The route query can be fuzzy because it only decides where to look next. The alignment step should be stricter. It should compare full row paths and full column paths, not just leaf labels.

That matters for nested headers:

Revenue
  Product
  Services

FY2024
  Actual
  Budget

If the target asks for Revenue > Services and FY2024 > Actual, the leaf labels alone are not enough. A source table can contain multiple “Actual” columns and multiple revenue rows. The full paths are the address.

def rank_fact(target: TargetCell, fact: AtomicFact) -> CandidateScore:
    parts = {
        "row": path_similarity(target.row_path, fact.row_path) * 8.0,
        "column": path_similarity(target.column_path, fact.column_path) * 6.0,
        "period": period_match(target.period, fact.column_path) * 10.0,
        "unit": unit_compatible(target.unit, fact.unit) * 4.0,
        "section": token_overlap(target.section, fact.section_path) * 3.0,
        "shape": value_shape_match(target.number_format, fact.value_type) * 6.0,
        "source": source_priority(fact.source_document),
    }

    return CandidateScore(
        fact_id=fact.fact_id,
        score=sum(parts.values()),
        parts=parts,
    )

The score parts are not just for tuning. They are an observability surface. When a reviewer asks why a value was chosen, “score 27.4” is not useful. This is useful:

{
  "target_cell": "Operating Model!B4",
  "winner": "fact_018742",
  "score": 27.4,
  "margin": 8.1,
  "parts": {
    "row": 8.0,
    "column": 5.1,
    "period": 10.0,
    "unit": 4.0,
    "section": 2.4,
    "shape": 6.0,
    "source": 1.0
  },
  "runner_up": "fact_019103"
}

This turns “the model picked it” into a debuggable ranking problem.

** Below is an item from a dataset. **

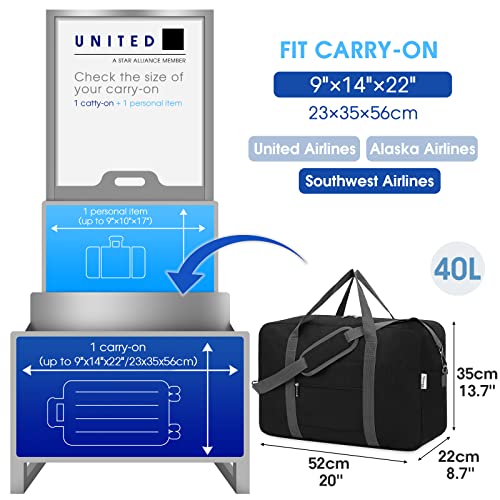 Narwey Carry on Luggage 22x14x9 Airline Approved Foldable Duffle Bag for Travel Packable Duffel Bag for Traveling Airplane for Women and Men 40L (Black (With Shoulder Strap))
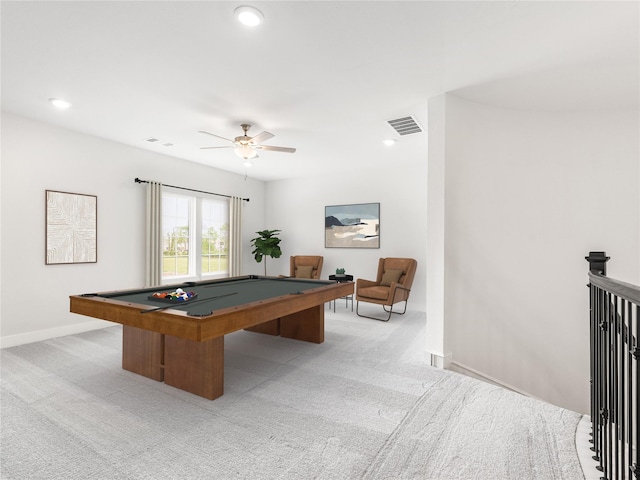 10903 Providence Ct, Missouri City, TX 77459 - game room with a ceiling fan, light colored carpet, billiards table, and recessed lighting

It also avoids the worst scaling shape. Matching every target cell against every candidate fact is the path to targets * candidates pain. A table-first pipeline lets you block by table type, entity, period grain, source date, unit, and high-signal tokens before doing expensive semantic comparison.

For larger jobs, I want the hot path to look more like this:

compile target tables once
compile source tables once
bulk insert searchable metadata
batch target embeddings
load source embeddings once
matrix-multiply for top-k recall
run rank workers over bounded candidate sets
emit table_retrieval.json, table_alignment.json, fill_program.json, audit.json

The performance lesson is boring but useful: batch what can be batched, cache what has a stable content hash, and keep accelerators busy on embedding work instead of scanning a vector store once per target cell.

Use ambiguity as a stop signal Link to heading

The most dangerous extraction bug is not an empty cell. It is a confidently wrong cell.

If two candidates are close, the system should refuse to write. That sounds conservative until you look at the failure mode:

Target: EBITDA, FY2024

Candidate A: 22.4, row="Adjusted EBITDA", column="FY2024"
Candidate B: 21.9, row="EBITDA", column="FY2024"

Both may be reasonable depending on the target workbook’s convention. A generic prompt cannot reliably infer the accounting policy from proximity alone. The extraction layer should surface the ambiguity.

def choose_candidate(candidates: list[FactCandidate]) -> FactCandidate | None:
    if not candidates:
        return None

    ordered = sorted(candidates, key=lambda c: c.score, reverse=True)
    winner = ordered[0]

    if len(ordered) > 1:
        margin = winner.score - ordered[1].score
        if margin < 3.0:
            return None

    if winner.score < 12.0:
        return None

    return winner

The threshold is not magic. It should come from evals. The point is architectural: ambiguity is a valid result, not an exception.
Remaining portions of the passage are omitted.